Work instruction —
Could you give again exactly, and only, the lines from the one holding "정례회를 개회했다.ⓒ군위군 의회" through the end of the data, both ends included, with pictures left out?

Stored items from a collection —

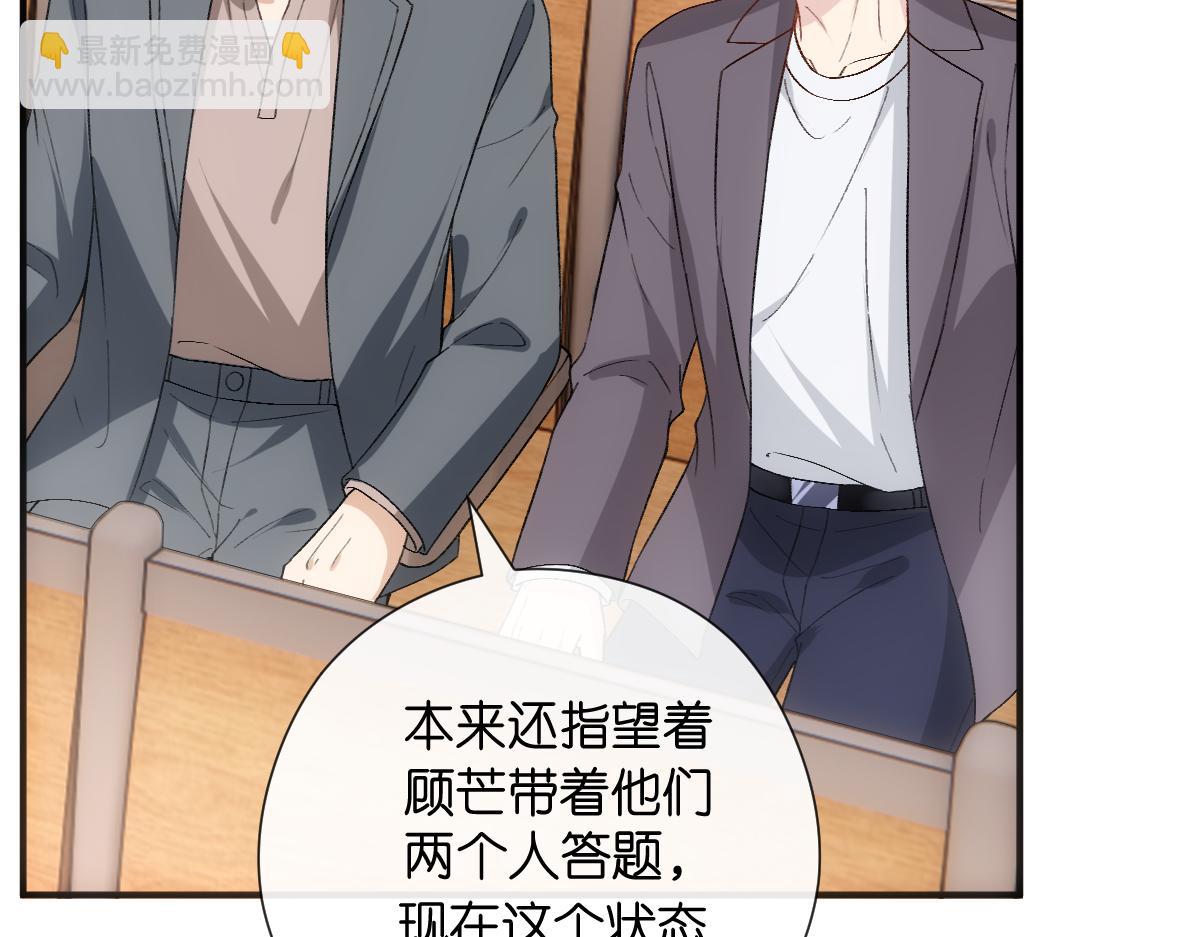 第147话  答案超纲(1/3)-第148话
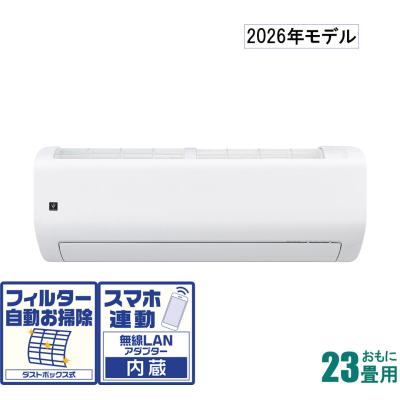 シャープ エアコン 23畳のおすすめ人気商品一覧 通販 - Yahoo!ショッピング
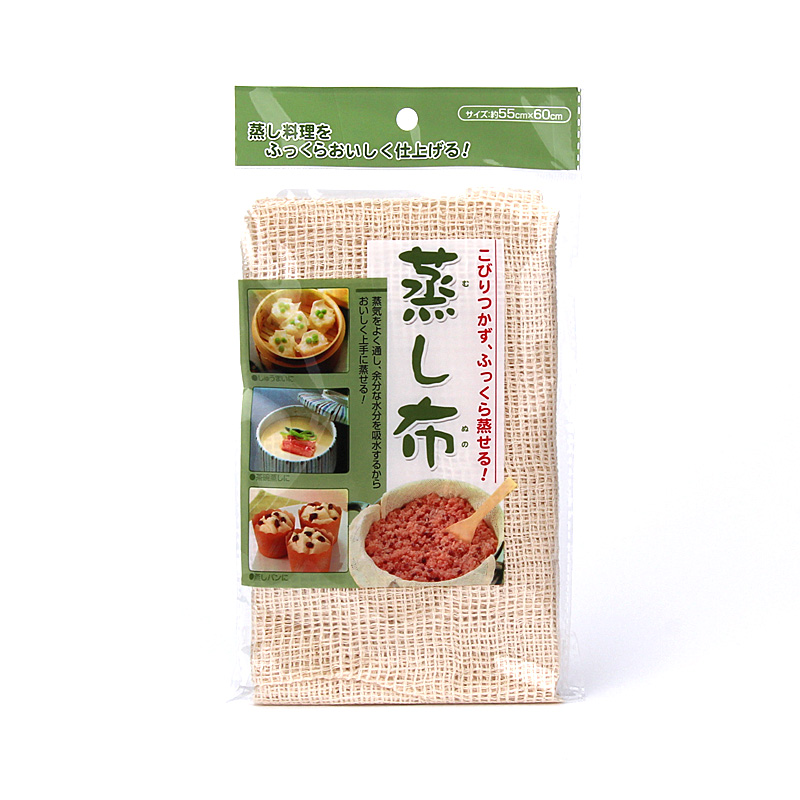 日本正品蒸饭蒸馒头布棉蒸布蒸笼棉布厨房纱布全棉蒸布纯棉蒸格布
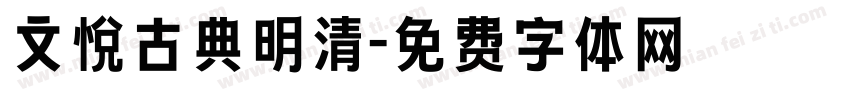 文悦古典明清字体转换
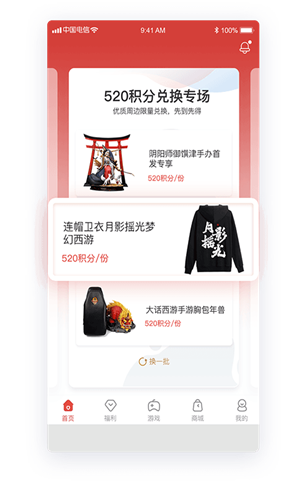 网易游戏会员APP截图(3)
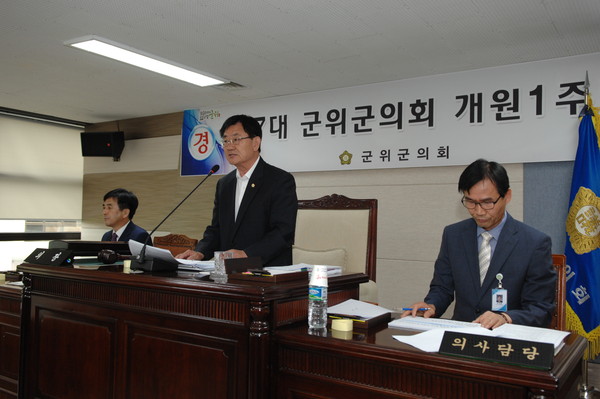▲ 군위군의회는 제211회 제1차 정례회를 개회했다.ⓒ군위군 의회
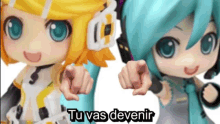 Vocaloid French GIF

Result below —
▲ 군위군의회는 제211회 제1차 정례회를 개회했다.ⓒ군위군 의회
 Vocaloid French GIF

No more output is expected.